Thursday, November 02, 2006

Fact Is The Conservatives Are Detached From Canadians

While the Conservatives coldly base policy on theory and ignore the most important factor, people; their latest move has hurt Canadians unnecessarily hard. Yesterday the Conservatives attempted to fix income trusts; their maneuver however impacted working Canadians, middle-class Canadians to a greater extent then the upper-classes.

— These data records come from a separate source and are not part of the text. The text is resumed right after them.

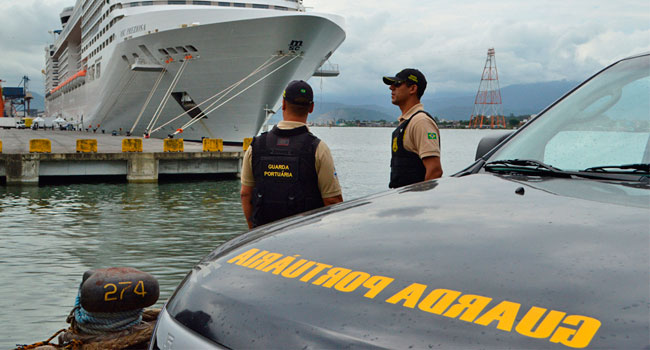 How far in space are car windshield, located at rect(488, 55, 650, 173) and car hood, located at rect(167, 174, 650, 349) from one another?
0.45m

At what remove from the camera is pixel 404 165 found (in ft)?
14.7

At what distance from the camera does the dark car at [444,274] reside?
1102 mm

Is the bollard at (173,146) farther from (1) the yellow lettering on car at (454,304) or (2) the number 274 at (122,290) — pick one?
(1) the yellow lettering on car at (454,304)

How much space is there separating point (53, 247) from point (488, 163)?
8.72 meters

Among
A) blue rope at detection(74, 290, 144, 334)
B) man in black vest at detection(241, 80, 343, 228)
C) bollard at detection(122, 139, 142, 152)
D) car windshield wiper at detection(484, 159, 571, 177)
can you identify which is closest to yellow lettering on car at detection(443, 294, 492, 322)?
car windshield wiper at detection(484, 159, 571, 177)

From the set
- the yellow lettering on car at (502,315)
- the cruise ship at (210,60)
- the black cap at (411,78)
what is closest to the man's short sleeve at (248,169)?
the black cap at (411,78)

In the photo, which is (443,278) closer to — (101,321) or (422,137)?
(101,321)

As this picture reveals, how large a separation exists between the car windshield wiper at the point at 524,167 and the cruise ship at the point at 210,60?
2526 centimetres

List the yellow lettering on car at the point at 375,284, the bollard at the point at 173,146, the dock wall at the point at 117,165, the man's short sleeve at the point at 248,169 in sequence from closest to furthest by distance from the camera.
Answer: the yellow lettering on car at the point at 375,284 < the man's short sleeve at the point at 248,169 < the dock wall at the point at 117,165 < the bollard at the point at 173,146

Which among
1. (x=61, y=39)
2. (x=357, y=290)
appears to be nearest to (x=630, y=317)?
(x=357, y=290)

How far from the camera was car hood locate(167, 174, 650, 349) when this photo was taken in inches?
43.2

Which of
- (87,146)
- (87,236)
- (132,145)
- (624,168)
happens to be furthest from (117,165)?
(624,168)

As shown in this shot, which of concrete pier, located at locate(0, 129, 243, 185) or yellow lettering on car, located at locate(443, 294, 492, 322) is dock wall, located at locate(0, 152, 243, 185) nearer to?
concrete pier, located at locate(0, 129, 243, 185)

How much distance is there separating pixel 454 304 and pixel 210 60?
2824 centimetres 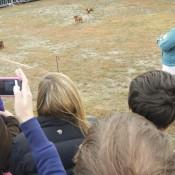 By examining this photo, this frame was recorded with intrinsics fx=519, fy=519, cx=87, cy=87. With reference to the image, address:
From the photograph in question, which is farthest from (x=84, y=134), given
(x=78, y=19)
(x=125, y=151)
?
(x=78, y=19)

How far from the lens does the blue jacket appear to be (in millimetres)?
6343

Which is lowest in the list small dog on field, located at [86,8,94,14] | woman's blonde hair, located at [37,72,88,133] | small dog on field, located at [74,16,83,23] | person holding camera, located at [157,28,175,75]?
small dog on field, located at [74,16,83,23]

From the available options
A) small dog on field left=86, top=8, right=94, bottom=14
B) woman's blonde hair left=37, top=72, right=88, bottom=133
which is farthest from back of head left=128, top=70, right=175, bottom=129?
small dog on field left=86, top=8, right=94, bottom=14

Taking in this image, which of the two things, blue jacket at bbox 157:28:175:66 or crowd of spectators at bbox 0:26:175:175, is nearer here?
crowd of spectators at bbox 0:26:175:175

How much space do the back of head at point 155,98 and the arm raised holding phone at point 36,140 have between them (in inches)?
37.9

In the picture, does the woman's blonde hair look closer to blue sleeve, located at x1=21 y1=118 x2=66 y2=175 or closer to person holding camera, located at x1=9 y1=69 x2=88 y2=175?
person holding camera, located at x1=9 y1=69 x2=88 y2=175

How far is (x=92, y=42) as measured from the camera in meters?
12.2

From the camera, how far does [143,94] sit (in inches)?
120

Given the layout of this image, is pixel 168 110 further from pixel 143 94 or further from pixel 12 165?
pixel 12 165

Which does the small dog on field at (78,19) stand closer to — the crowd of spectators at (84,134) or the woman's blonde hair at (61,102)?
the crowd of spectators at (84,134)

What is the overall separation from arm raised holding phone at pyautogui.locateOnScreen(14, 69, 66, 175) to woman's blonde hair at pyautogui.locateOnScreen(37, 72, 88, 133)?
2.89 feet

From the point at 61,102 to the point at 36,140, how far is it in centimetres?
98

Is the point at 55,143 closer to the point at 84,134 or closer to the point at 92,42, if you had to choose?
the point at 84,134

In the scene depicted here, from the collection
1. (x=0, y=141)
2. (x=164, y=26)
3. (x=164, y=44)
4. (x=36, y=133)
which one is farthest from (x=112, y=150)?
(x=164, y=26) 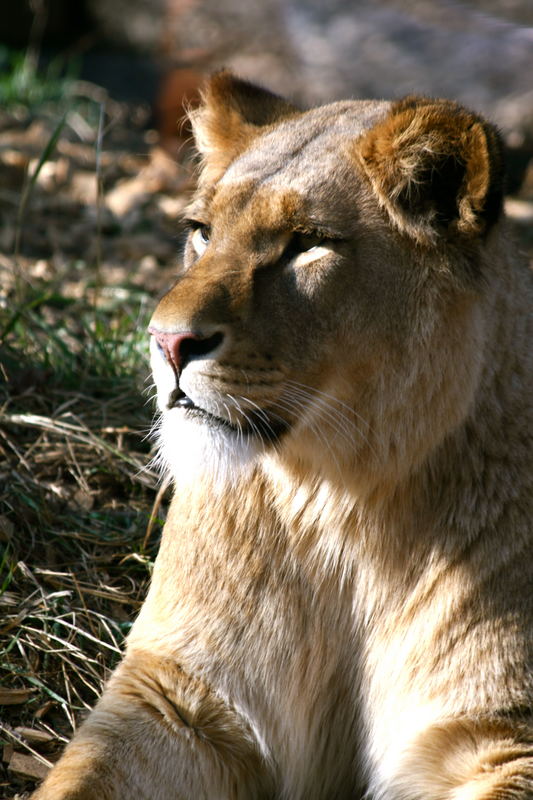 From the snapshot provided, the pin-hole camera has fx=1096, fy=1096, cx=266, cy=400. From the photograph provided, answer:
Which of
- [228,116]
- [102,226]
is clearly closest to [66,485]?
[228,116]

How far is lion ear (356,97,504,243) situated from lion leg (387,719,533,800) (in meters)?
1.28

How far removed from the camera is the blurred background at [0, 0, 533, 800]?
3.75 metres

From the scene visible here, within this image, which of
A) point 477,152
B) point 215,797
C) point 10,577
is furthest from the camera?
point 10,577

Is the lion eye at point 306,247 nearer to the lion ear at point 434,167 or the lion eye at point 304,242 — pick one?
the lion eye at point 304,242

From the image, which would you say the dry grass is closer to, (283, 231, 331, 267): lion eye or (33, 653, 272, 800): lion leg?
(33, 653, 272, 800): lion leg

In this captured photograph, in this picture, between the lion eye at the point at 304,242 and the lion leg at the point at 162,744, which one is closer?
the lion eye at the point at 304,242

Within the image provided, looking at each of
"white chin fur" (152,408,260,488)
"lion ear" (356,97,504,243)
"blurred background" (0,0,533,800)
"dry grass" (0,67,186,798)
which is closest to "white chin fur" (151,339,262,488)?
"white chin fur" (152,408,260,488)

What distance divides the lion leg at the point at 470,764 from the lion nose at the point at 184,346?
117cm

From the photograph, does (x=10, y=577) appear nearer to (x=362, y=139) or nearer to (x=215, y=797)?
(x=215, y=797)

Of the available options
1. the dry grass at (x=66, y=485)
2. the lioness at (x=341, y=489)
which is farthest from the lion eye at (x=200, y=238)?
the dry grass at (x=66, y=485)

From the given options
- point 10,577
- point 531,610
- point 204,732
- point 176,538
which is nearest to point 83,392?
point 10,577

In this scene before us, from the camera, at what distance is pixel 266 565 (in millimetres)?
3121

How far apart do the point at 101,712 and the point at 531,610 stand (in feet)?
4.05

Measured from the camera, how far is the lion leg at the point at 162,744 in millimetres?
2961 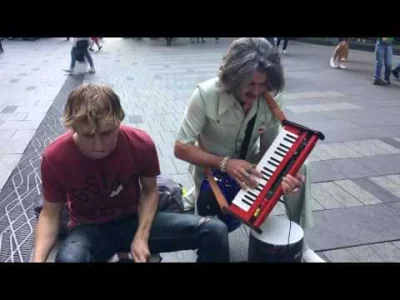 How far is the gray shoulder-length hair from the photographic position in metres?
1.98

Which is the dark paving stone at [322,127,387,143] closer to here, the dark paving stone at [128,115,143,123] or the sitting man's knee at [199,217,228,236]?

Gerard Kennedy has devoted himself to showing the faults with this government, while others advertise themselves, Gerard sees the priority in attacking Stephen Harper. Kennedy doesn't attack the Conservatives because of partisanship, he attacks them because their wrong. As with this situation, the Conservatives first lied about their intentions. At gerardkennedy.ca it is clear Harper misled Canadians:
In a 2005 National Post editorial, Harper wrote," As my party's finance critic, Monte Solberg, says, the success of income trusts represents a rare triumph for investors over the tax man. Let's not be so naive as to assume that the Liberals will do the right thing to protect taxpayers. We'll need to fight hard to keep what we have, and even harder to gain ground."

Canadians relied on the Conservatives word to their financial detriment. They broke a key election promise and are serving up the same old game of over- promising and under-delivering. Canadians deserve better.

Now as the government, the Conservatives did a 180 degree turn and devastated income trusts.

This change has hurt Canadians, something the Conservatives either ignored or didn't comprehend in their planning.
he Harper government's income trust cure falls disproportionately and unfairly on fixed income Canadians. Today, thousands of individuals suffered a large, permanent loss in their hard-earned savings as a reward for following the rules of the day and after a commitment from the Conservatives that no changes would be made.

Not only does the Conservatives strategy hurt Canadians directly but it also could have an impact on investor confidence; the impacts of this policy are yet to be fully realized.

One thing is for sure though, and that is this damage could have been lessened by an implementation of a gradual system of introducing reforms to the income trust operations. A gradual introduction would have minimalized any pain felt by middle-class investors and aided Canadians in adapting to the change.

Appearantly Stephen Harper thinks Canadians should just deal with it. I think we should deal with Stephen harper first.